Mesmo assim, o cantor de voz grave e clara impressiona nas vendagens de discos: foram mais de 80 milhões de cópias em quase 60 anos de carreira.
Honroso e respeitoso segundo lugar do ranking, perdendo apenas para outro rei da música, Roberto Carlos.
Dono de um estilo romântico e boêmio, Nélson pertencia ao grupo de cantores que fazia sucesso nas rádios entre os anos 30 e 40 do século XX. Tinha o direito merecido de figurar ao lado de intérpretes como Francisco Alves e Vicente Celestino.

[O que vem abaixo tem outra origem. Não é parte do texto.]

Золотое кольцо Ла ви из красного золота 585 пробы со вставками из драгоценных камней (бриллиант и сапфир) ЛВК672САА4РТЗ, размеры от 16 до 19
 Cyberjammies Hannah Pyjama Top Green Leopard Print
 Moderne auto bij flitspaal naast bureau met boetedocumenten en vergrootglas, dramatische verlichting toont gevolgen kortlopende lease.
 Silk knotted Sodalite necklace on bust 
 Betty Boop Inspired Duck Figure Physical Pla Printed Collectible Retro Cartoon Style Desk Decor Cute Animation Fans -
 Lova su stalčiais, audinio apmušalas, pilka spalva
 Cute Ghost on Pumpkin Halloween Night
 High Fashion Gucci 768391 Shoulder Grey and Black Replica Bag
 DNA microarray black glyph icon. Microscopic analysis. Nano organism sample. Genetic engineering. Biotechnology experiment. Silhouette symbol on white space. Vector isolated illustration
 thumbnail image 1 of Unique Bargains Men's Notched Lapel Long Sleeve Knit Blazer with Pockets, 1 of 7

Morto em 1998, Nélson se queixava da falta de memória que permeia a sociedade brasileira quando se trata de cultura. Ironicamente, em seu centenário, o valentão e mulherengo cantor recebe homenagens artísticas e impressas.
Recordar é viver
No dia de seu nascimento, 21/06, os Correios mostraram um selo em lançamento simultâneo no Rio de Janeiro, São Paulo e Santana do Livramento.
A peça estampa o cantor em realces de preto e branco e custa a unidade de R$ 1,30.
Outra iniciativa tem um viés bem mais tecnológico: a gravadora Sony Music disponibilizou nas plataformas de ‘streaming’, cerca de 35 discos que ilustram a obra de Nélson Gonçalves. A novidade foi lançada no dia do centenário de nascimento do cantor gaúcho. Este projeto digital inclui a restauração de ‘tapes’ e projetos gráficos originais destes discos.
Caminhada até o sucesso
Antes de ser conhecido como Nélson, Antônio Gonçalves Sobral veio para São Paulo ainda criança e, no fim da década de 30, veio para o Rio de Janeiro tentar a sorte como cantor, participando de testes nas rádios. Porém, foi em São Paulo que o futuro “Rei da Boemia” conseguiu sua primeira oportunidade.
Após muita persistência, gravou uma valsa cantada por Orlando Silva. O primeiro disco veio em 1941.
Quando jovem, Nélson trabalhou em diversas profissões: engraxate, jornaleiro, sapateiro, mecânico e garçom. Mas era a música que o atraia mais. Em tenra idade, se apresentava sobre um caixote junto com o pai, o qual se fingia de cego a fim de obter alguns trocados.
Apesar de ótima dicção e voz límpida, Nélson Gonçalves era gago e, devido a isso, recebeu o apelido de “Metralha”.
Durante o seu apogeu, o cantor acumulou um patrimônio invejável com vários apartamentos, automóveis e fazendas.
No final dos anos 50, vem o primeiro baque: ninguém queria mais saber de romantismo rasgado, já que a bossa nova pedia vozes mais amenas e interpretação mais minimalista.
Em 1966, Nélson Gonçalves é preso com 200 gramas de cocaína e, mais tarde, reconheceu que o vício o atormentava desde a década de 40. Conseguiu se livrar e, perguntado sobre esta experiência, disparou: “homem não é quem fica viciado, é quem larga o vício”. Sua personalidade forte era igualmente notada na vida amorosa. Além de boêmio, era sedutor, o que hipnotizava as mulheres. Gostava de gastar o que recebia com farras e festas.
A empresária da noite paulistana, Lílian Gonçalves, é fruto de uma das aventuras sexuais de Nélson. Ela é filha de uma cozinheira do ex-presidente Juscelino Kubitschek. Lílian revela que teve pouca convivência com o pai, mas criou um bar denominado “Bar do Nélson”, para mais uma vez, contrariar a falta de memória cultural evocada pelo “Rei da Boemia”.
Crepúsculo da vida
Livre das drogas nos anos 70, Nélson Gonçalves ressurge no cenário musical fazendo turnês e apresentações que iam do Espírito Santo à Bahia e aparecendo em Pernambuco. Num período de oito anos, chegou a 78 apresentações pelo Brasil.
Seu último disco foi “Ainda é Cedo”, de 1997, onde empresta sua voz potente e marcante para composições de Renato Russo, Rita Lee e Herbert Viana. Prova de que estava sintonizado com as gerações mais novas.
Margareth Gonçalves, outra filha do cantor, relembra a consciência de Nélson sobre o quão ele era grande. Sabendo que estava perdendo a voz, virou para a filha que o empresariou por anos e disse que “passarinho, quando para de cantar, morre”.
O tempo vai e volta e Nélson ainda ecoa na lista dos maiores intérpretes da música popular e romântica brasileira.